ACTIVITY: Read through the lines below for the string "Road" and copy each one that has it.

Stored data entries
= Beginning of Section =

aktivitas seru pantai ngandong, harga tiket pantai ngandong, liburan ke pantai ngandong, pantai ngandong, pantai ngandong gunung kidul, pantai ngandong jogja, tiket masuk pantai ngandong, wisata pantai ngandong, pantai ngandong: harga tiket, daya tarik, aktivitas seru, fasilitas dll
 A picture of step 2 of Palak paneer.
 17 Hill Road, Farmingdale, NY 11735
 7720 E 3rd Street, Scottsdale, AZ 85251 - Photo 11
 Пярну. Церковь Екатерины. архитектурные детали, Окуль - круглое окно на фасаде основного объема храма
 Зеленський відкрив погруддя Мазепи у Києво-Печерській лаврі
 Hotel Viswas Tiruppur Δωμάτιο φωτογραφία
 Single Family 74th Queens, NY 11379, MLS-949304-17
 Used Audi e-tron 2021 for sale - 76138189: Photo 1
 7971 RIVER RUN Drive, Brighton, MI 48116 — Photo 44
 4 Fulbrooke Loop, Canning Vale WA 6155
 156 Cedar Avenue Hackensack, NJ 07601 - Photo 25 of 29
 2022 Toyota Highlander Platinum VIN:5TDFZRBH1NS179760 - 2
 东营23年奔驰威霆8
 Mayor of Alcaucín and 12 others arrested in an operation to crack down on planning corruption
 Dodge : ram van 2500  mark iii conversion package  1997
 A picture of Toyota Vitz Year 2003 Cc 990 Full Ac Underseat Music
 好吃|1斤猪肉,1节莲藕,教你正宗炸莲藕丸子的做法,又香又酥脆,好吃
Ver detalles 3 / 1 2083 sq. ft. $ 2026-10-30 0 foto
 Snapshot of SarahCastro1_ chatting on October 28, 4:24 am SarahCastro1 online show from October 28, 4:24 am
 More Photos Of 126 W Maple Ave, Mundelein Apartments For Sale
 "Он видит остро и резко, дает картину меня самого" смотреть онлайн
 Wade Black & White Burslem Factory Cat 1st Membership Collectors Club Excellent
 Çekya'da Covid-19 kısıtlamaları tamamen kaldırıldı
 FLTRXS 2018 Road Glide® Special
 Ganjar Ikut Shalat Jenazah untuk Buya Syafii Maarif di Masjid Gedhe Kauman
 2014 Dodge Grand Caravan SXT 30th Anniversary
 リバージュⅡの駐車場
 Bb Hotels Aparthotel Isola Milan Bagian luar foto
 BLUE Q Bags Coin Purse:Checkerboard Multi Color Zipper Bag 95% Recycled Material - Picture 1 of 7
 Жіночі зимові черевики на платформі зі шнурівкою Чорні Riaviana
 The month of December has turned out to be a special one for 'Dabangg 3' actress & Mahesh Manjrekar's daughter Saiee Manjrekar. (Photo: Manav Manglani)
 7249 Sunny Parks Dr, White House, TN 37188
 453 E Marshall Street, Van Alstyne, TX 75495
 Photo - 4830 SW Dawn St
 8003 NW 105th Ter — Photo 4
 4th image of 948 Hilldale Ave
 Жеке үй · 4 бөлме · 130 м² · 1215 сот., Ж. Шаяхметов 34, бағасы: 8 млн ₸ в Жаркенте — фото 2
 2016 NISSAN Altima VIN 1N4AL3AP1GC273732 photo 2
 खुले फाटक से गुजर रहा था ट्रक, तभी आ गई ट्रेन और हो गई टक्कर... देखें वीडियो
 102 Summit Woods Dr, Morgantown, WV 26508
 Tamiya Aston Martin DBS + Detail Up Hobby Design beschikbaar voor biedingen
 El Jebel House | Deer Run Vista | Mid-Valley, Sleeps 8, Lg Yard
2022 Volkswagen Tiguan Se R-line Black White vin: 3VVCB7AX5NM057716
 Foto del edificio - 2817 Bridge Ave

= End of Section =

ANSWER TO THIS PROBLEM:
 17 Hill Road, Farmingdale, NY 11735
 FLTRXS 2018 Road Glide® Special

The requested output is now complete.